Beaux Arts Magazine n°212 (janvier 2002)

Les échanges du plateau

Anne Kerner

placeholder imageplaceholder image

Un nouveau lieu d’art à Paris

Après sept ans de lutte d’une tenace association de riverains, un nouveau centre d’art contemporain ouvre ses portes le 17 janvier tout près du parc des Buttes-Chaumont, à Paris. Ça va déménager…

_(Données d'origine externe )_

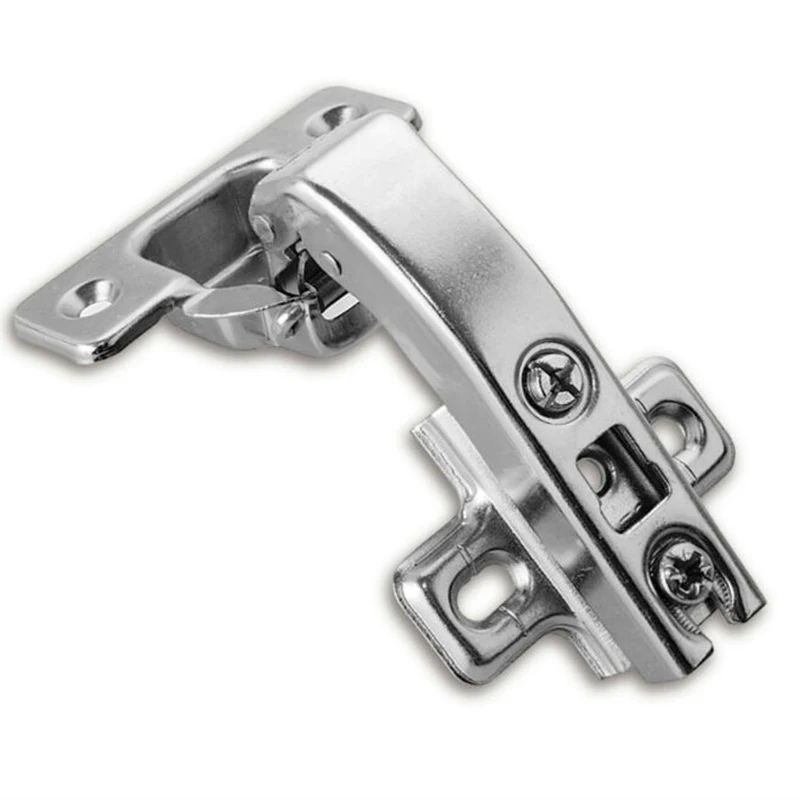 Description Picture 6 of item2Pcs Blind Corner 90 Degree Hydraulic Hinge Kitchen Cabinet Wardrobe Fold Concealed Angular Door Hinges Set Furniture Hardware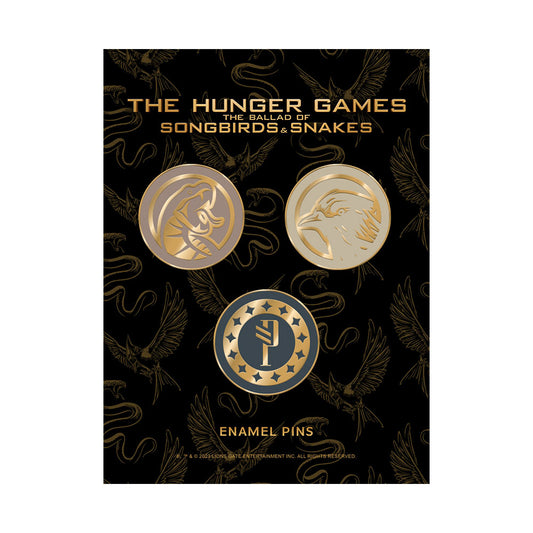 The Hunger Games: The Ballad of Songbirds & Snakes Icon Pin Set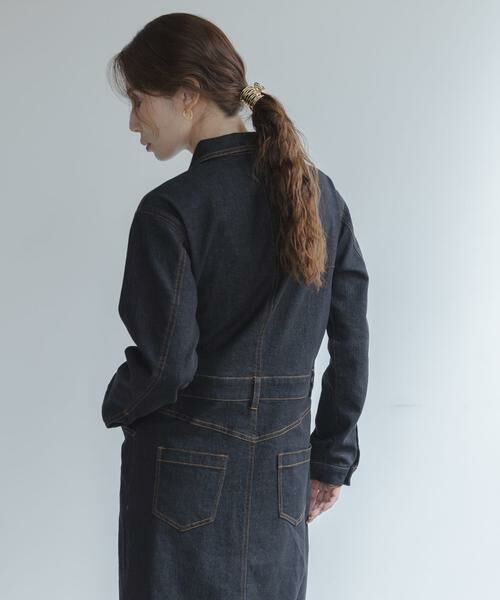 Sonny Label / サニーレーベル ワンピース | デニムジャンパースカート | 詳細19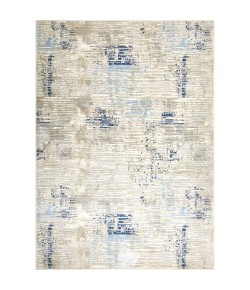 Home Dynamix Melrose Lorenzo Gray-Blue Area Rug 6 ft. 6 in. X 9 ft. 6 in. Rectangle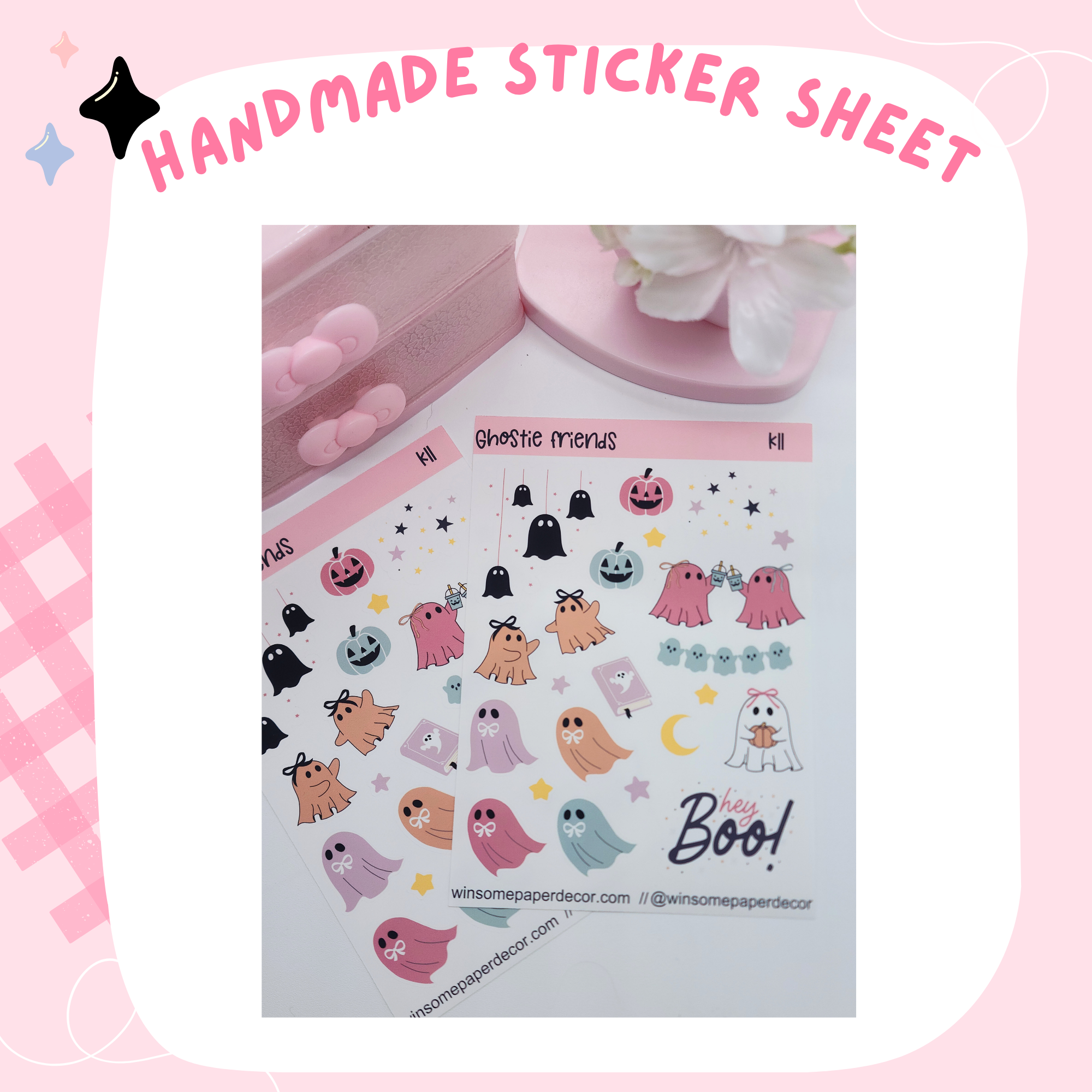 GHOSTIES  - HANDMADE STICKER*LIMITED TIME *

« L’esprit de persévérance se fonde sur le principe d’incertitude… » Ainsi commence la longue phrase de l’écrivain
Louis-René des Forêts déployée sur l’un des murs du Plateau pour son inauguration. « Ce texte résume tout ce qui a été fait ici », explique Éric Corne, directeur de la programmation du centre d’art mais aussi artiste et président de l’association Vivre aux Buttes-Chaumont. Tout, c’est-à-dire d’abord une lutte politico-administrative de sept ans. Avec Bouygues, seul repreneur, en 1993, des studios de la SFP rasés dans le but de construire des logements privés. Une bataille menée par les seuls riverains pour défendre leur vie de quartier. « Telle apparaît l’ubiquité du Plateau », insiste Eric Corne. Résultat : 500 logements au lieu de 700, 7 étages au lieu de 10, des équipements publics avec une crèche de 50 berceaux, 100 m² pour lieu d’accueil et 600 m² pour le centre d’art contemporain. Les élus de droite et d’extrême-droite du conseil régional d’Ile-de-France s’en mêlent, étranglent le projet en juin 2000. Mais la pertinence et l’obstination gagnent.
S’ouvre ainsi et enfin, le 17 janvier, dans le XIXᵉ arrondissement de Paris, à quelques enjambées du parc des Buttes-Chaumont, un nouvel espace lié au Fonds régional d’Art contemporain d’Île-de-France, soutenu aussi bien par le conseil régional, le ministère de la Culture et de la Communication que par celui de l'Éducation nationale et par la ville de Paris. Eric Corne semble ne pas encore y croire ! Pourtant, les quatre salles d’exposition et le centre de ressources sont bel et bien là. « Il faut que le lieu soit une sorte d’émetteur-récepteur. Que les artistes s’y sentent bien. Qu’ils y viennent et y reviennent. Qu’ils y soient maîtres de leur temps, de leur création. » Et les mots d’ouverture, de confiance, de relation de se bousculer dans la conversation. « Ce n’est pas un lieu de proximité, c’est un lieu avec la proximité. » Corne croit par-dessus tout à son cheval de bataille, l’échange. Échanges dans le tissu urbain du très proche voisinage. Du foyer des femmes célibataires au bar Fleury de Mme Huguette en passant par le collège et les commerces. Échanges grâce aux actions menées avec d’autres pays comme bientôt la Colombie et le Mexique. Échanges avec les commissaires d’exposition, les critiques d’art pour une parole plurielle. Echanges évidemment au sein même du travail des artistes qui développent entre autre la notion de l’intime, de la sensualité, chère au directeur de la programmation « parce que l’intime est peut-être aujourd’hui l’espace le plus subversif ». Enfin, échanges avec le site de création contemporaine du Palais de Tokyo (cf. p. 80), qui débuteront concrètement avec la circulation de navettes entre les deux espaces pendant les quatre jours d’inauguration. Quatre jours de fête, donc, célèbrent le Plateau du 17 au 20 janvier. Avec un diaporama de Valérie Jouve, une vidéo de Marie Legros, une performance de Fiorenza Menini (ill. My generation, time and history, 2001, performance, © F. Menini), des dessins de Frédéric Bruly-Bouabré, un wall painting de Julije Knifer, comme une sélection de vidéoclips par Denis Angus et de films expérimentaux avec Light Cone.
Bien sûr, la musique et la danse sont au rendez-vous. Aussi bien avec K.mix.K. pour la techno que Jean-Christophe Marti pour la musique contemporaine. À partir du 7 mars, rendez-vous pour l’exposition « Premiers Mouvements » divisée en deux volets, le premier consacré à Robert Filliou, le second aux projets spécifiques d’André Cadere, Hans Jürg Kupper, Marie Legros, Santiago Reyes, Francisco Ruiz de Infante, Dana Wyse… Redonner au quartier des Buttes-Chaumont sa vocation culturelle en soutenant la création contemporaine française, sachant que « la contemporanéité est un tremblement, un déséquilibre ». Tel est le message lancé et passé par Éric Corne avec « la ténacité d’un apprenti-funambule », poursuit le texte de Louis-René des Forêts.